The North Dakota Legislative Management Committee discussed the fiscal impact of the proposed constitutional measure on Wednesday.

The measure would prohibit an individual from appearing on a ballot, being nominated, appointed, or elected to serve a full or partial term in North Dakota if they are 81 years old on or before Dec. 31 of the year immediately preceding the end of a term as a U.S. senator or representative, according to legislative council staff. Voters will decide on the measure during the primary election on June 11.

The measure itself would not have any fiscal impact, Secretary of State Michael Howe told the committee, but any legal challenges could accrue costs.

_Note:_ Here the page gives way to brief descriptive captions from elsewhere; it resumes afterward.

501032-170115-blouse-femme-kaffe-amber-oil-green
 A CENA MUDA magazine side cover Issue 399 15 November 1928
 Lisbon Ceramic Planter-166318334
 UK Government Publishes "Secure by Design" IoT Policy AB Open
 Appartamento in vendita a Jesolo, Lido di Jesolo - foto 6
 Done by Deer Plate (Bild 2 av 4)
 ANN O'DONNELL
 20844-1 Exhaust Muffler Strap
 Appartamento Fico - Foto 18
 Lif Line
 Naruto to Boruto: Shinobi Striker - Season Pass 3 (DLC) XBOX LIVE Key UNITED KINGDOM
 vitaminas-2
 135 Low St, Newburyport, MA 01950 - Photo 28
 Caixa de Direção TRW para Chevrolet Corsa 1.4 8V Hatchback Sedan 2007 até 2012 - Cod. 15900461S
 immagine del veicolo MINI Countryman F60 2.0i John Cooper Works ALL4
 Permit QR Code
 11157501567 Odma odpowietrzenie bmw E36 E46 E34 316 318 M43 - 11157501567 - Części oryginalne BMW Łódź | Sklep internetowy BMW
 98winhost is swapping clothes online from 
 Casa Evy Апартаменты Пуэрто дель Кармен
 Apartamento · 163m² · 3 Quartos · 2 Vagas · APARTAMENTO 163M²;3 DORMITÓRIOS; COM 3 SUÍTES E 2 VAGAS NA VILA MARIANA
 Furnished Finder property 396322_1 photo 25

“If this were to pass, there’s nothing that has a fiscal impact to prohibit anyone over the age of 81 from being allowed to be on the ballot,” said Howe. “If it’s challenged in court there’s other provisions of this measure that say we would have to print the age of the candidate on the ballot. Again, that wouldn’t have a fiscal impact from the Office of the Secretary of State.”

The rule would become effective on the date of its passage and comes at a time when multiple political figures across the U.S., including the sitting president, are in their eighties. President Joe Biden is 81 years old. Former House Speaker Nancy Pelosi of California is 84. Senate Minority Leader Mitch McConnell of Kentucky is 82.

The ballot measure would only apply to North Dakota candidates, which would be the first state to set age limits if the measure passes.

“I absolutely foresee this being appealed all the way to the U.S. Supreme Court,” said Sen. Brad Bekkedahl, R-Williston.

Chief Deputy Attorney General Claire Ness said it’s “hard to peg the dollar amount” that a legal challenge would cost.

“We could have a couple of different challenges to this lawsuit,” said Ness. ”We could have a facial challenge, so you could have somebody just challenge the statute as being unconstitutional on its face.”

Ness said there is already precedent from the U.S. Supreme Court on the issue that the secretary of state’s office would need to “overcome” if defending the case.

“If there’s a loss in the district court level, so in the trial court, we would then need to appeal. In that case it’s difficult to assess the cost,” Ness said. “Most likely we would need to hire a special assistant attorney general, a SAG as you may have heard them called, and those costs could vary significantly depending on the issues that are raised, the legal issues that are raised by the other side, and the hourly rate of the SAG as well as whether or not it goes to appeals. So it would not be unforeseen to have this case, to defend a facial challenge, in the hundreds of thousands of dollars.”

Similar costs would apply if a candidate over the age limit wanted to challenge the measure in court, Ness said.